*WORK TO BE COMPLETED:*
Among the records below, how many lines contain the word "срок"? The answer is a single number.

*GIVEN RECORDS:*
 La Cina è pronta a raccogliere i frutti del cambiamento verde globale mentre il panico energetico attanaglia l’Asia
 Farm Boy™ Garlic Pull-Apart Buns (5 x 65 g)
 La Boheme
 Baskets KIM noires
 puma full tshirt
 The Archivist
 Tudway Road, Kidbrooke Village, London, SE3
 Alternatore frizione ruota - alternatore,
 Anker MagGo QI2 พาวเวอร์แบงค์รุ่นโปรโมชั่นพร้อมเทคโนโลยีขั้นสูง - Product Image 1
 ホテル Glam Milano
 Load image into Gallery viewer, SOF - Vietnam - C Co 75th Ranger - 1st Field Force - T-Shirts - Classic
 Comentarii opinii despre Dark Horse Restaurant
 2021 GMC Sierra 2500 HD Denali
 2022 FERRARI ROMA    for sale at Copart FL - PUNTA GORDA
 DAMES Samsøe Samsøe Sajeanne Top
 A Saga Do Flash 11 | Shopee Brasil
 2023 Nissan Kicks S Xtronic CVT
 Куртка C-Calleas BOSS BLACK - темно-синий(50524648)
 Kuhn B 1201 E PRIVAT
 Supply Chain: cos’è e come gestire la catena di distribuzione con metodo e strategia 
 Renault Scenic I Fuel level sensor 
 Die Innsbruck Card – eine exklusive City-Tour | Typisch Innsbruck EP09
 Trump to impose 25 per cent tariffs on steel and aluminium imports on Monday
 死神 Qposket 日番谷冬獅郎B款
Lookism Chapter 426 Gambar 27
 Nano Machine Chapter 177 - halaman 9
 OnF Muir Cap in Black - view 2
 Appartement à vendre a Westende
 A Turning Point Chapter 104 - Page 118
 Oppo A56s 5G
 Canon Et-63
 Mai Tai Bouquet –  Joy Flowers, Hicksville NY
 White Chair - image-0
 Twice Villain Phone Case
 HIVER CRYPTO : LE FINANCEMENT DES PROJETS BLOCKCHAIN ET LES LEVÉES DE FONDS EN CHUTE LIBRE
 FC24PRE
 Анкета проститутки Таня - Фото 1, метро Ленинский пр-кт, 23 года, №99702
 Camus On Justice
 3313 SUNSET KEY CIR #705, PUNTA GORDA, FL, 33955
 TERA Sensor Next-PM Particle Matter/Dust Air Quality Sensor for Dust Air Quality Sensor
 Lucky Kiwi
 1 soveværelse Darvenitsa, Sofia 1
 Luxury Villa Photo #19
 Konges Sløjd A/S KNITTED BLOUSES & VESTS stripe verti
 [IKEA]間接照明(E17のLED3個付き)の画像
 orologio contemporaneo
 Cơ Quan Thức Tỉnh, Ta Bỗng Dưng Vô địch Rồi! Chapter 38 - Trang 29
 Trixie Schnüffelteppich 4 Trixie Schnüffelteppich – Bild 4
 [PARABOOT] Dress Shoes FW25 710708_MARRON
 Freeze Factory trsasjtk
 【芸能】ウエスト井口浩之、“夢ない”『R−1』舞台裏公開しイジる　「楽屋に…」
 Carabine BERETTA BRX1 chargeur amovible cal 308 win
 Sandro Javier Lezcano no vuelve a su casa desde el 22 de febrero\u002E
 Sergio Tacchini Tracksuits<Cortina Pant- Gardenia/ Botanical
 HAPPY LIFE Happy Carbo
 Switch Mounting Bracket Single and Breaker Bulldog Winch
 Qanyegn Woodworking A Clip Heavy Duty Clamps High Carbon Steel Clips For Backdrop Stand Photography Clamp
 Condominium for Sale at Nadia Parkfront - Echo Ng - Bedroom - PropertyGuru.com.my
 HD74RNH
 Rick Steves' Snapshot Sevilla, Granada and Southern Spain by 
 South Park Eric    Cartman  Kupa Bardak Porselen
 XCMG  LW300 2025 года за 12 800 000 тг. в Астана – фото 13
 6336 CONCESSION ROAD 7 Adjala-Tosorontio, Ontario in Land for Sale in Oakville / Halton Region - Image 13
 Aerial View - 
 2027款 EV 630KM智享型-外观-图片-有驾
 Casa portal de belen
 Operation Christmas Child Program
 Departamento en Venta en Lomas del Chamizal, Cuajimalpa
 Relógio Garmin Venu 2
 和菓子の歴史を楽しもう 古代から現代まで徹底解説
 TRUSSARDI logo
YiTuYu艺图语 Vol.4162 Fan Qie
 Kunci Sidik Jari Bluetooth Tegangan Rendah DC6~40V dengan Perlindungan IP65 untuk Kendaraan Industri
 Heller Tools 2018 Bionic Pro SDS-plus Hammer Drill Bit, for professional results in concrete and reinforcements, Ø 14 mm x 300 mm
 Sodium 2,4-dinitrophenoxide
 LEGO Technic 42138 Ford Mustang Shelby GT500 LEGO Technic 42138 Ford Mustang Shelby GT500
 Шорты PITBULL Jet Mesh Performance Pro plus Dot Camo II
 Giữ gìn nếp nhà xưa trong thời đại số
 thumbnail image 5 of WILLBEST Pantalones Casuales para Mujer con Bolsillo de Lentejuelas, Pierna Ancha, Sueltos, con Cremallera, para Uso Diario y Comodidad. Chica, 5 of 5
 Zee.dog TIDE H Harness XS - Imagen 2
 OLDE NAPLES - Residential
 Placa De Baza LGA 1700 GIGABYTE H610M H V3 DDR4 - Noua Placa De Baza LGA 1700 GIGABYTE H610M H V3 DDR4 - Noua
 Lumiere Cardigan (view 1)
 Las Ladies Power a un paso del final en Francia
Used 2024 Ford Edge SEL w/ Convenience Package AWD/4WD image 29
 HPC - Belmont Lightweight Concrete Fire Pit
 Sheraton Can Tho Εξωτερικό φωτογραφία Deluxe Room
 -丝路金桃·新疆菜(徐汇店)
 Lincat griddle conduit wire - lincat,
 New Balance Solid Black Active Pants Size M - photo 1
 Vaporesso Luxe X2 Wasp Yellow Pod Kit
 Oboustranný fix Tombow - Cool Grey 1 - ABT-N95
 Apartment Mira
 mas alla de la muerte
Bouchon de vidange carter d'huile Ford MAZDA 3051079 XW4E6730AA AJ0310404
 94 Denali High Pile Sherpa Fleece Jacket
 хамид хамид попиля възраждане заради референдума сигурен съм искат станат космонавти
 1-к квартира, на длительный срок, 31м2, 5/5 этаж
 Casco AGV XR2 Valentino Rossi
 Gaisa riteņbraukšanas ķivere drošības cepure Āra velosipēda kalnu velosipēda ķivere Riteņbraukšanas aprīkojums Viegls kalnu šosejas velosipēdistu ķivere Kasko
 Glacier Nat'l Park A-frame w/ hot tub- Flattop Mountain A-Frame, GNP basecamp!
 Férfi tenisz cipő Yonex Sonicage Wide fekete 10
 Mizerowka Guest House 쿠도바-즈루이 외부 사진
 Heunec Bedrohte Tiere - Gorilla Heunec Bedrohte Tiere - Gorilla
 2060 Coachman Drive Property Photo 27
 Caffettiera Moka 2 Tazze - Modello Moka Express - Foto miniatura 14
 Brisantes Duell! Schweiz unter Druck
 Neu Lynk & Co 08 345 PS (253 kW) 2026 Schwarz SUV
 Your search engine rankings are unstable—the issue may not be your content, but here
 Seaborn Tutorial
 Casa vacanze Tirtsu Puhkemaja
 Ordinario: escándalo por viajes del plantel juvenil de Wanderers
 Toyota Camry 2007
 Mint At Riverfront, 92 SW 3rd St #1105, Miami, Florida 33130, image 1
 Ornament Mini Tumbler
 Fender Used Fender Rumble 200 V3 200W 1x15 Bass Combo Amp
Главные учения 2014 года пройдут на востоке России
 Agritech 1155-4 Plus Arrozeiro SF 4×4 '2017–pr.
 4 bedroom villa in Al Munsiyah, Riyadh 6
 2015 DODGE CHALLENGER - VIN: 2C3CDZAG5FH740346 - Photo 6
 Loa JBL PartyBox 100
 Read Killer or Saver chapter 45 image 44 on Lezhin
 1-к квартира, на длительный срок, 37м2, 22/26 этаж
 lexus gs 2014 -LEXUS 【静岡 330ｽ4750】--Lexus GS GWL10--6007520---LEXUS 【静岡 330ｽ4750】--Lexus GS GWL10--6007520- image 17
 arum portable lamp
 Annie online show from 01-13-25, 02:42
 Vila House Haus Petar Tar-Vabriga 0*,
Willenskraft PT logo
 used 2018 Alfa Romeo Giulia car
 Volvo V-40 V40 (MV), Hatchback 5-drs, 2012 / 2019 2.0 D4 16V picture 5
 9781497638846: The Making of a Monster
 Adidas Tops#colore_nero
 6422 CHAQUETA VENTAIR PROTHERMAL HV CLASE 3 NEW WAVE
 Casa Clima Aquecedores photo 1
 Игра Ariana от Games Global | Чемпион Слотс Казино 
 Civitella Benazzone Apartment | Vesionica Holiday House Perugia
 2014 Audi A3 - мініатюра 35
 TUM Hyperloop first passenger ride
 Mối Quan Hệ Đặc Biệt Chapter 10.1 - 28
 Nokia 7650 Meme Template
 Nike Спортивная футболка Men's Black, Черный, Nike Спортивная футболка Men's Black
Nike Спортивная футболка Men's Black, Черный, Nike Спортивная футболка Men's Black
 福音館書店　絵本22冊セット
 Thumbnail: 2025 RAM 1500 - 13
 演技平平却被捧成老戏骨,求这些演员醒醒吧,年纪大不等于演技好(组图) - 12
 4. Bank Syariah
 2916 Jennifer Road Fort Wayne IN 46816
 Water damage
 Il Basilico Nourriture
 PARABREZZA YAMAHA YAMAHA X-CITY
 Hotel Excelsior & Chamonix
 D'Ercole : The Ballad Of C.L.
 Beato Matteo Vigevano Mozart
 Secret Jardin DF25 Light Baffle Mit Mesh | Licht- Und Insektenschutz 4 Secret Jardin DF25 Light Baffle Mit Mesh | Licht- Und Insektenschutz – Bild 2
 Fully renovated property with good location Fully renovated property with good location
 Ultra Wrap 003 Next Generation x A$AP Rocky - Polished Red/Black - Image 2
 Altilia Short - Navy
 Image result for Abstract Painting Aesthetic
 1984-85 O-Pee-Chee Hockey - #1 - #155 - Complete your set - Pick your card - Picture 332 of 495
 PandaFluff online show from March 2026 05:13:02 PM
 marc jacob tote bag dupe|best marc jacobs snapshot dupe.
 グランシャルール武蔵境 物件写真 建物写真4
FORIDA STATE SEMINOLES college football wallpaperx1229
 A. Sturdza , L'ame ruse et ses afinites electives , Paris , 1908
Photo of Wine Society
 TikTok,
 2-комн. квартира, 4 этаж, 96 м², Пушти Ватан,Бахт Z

*EXPECTED OUTPUT:*
2